Directed by Jaume Collet Serra.
Starring Blake Lively, Oscar Jaenada, Brett Cullen and Sedona Lodge.
A mere 200 yards from shore, surfer Nancy is attacked by a great white shark, with her short journey to safety becoming the ultimate contest of wills.
When I first heard about The Shallows, my immediate thought was that it would be a gratuitously shot film of an attractive woman in a bikini stranded on a rock waiting for someone to save her. I’m so delighted that I was wrong about this one! The Shallows is a tremendous tense thriller that will have you jumping at points and on the edge of your seat for the rest.

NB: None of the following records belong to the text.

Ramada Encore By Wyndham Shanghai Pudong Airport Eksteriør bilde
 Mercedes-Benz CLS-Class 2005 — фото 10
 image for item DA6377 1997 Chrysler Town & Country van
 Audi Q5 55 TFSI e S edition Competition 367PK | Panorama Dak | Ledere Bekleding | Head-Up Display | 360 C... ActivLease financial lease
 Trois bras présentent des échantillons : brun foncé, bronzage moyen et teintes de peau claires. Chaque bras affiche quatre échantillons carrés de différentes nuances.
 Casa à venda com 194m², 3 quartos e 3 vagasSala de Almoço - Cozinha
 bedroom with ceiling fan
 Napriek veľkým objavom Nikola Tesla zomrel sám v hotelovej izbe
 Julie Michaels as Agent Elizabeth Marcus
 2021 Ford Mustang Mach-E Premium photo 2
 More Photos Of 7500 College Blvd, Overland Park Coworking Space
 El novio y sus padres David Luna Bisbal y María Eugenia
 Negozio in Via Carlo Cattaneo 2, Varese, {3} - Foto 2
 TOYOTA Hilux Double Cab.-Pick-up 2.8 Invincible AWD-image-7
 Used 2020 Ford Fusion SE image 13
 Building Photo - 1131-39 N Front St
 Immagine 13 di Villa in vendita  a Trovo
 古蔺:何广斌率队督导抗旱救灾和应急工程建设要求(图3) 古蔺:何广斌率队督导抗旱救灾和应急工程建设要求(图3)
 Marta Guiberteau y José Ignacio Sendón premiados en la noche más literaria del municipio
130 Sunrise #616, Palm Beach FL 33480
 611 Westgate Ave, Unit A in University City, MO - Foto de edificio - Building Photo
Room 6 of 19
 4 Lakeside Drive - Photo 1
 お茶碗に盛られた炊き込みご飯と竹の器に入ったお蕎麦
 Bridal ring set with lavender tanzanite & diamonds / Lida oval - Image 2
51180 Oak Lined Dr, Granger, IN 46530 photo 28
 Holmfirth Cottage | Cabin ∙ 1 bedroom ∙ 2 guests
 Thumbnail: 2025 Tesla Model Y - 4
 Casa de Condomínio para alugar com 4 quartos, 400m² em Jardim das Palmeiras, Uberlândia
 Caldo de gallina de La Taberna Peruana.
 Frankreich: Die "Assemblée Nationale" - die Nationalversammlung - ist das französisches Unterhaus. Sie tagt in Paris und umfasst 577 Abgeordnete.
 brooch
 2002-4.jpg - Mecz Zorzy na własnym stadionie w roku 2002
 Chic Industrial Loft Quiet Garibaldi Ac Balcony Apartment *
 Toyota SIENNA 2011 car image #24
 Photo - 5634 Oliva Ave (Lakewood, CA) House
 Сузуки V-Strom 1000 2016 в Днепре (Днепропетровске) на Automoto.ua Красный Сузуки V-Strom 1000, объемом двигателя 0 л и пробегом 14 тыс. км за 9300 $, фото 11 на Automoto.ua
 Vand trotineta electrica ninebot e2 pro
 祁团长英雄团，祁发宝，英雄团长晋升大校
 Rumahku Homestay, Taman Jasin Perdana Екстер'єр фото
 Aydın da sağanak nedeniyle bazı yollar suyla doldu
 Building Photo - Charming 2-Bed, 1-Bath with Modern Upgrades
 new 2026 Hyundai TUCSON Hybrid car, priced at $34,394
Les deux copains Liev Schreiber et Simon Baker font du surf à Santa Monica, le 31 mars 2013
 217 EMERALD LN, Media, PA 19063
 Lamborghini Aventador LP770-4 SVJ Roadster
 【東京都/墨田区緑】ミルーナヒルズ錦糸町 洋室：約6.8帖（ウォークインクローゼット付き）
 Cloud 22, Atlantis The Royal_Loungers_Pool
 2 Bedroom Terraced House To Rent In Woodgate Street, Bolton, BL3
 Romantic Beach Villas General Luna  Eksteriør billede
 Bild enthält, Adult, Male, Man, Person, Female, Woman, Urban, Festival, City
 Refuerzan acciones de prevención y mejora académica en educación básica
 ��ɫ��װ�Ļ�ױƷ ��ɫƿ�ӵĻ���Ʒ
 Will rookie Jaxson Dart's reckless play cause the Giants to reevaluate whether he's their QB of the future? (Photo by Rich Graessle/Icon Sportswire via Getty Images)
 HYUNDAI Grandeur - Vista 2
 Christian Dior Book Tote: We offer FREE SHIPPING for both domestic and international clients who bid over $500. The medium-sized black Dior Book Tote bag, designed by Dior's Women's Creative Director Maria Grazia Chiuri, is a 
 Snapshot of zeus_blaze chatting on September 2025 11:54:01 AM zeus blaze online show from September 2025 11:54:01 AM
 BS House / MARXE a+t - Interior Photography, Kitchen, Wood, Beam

Nancy (Lively) is taking some time off from med school after the death of her Mother. She finds a secluded secret beach in Mexico where her Mother stayed and decides to enjoy the surf. After enjoying the water and the views she starts to head back to land when a great white shark attacks and she’s left alone on a small patch of rocks 200 yards from shore. At 86 minutes, The Shallows is short and sweet and packs a punch with its gutsy heroine. I’ve never been a huge fan of Lively but she carries the film and her characters resourceful nature is exactly what you want to see from a modern woman. The film moves at a brilliant pace and the threat to Nancy’s life and the fear and panic she’s feeling is always believable.
Jaume Collet-Serra isn’t known for making beautiful films (Unknown, Run All Night, the remake of House of Wax), but in The Shallows he seems to be in his element. The establishing shots of the beach and the surfing is stunning as are the overhead nightmare shots of the shark circling Nancy. The tension is what makes this film work so well. If you know what the film is about then you’re just waiting for the shark to attack, Serra slowly builds up to this and makes the attack more terrifying than you can imagine. Serra also seems to have thought about the majestic nature of the great white and doesn’t make it do anything that it wouldn’t naturally do. The deaths are also not played for the gross factor. One scene where a drunk man stumbles into the water and is attacked is shown from Nancy’s perspective, the look of horror and fear on her face is more terrifying than seeing what the shark is actually doing.
The Shallows gets a little far-fetched towards the end and its closing couple of minutes are a bit cheesy but it doesn’t detract from this masterfully well executed thriller that may once again give people the same frights that Jaws did.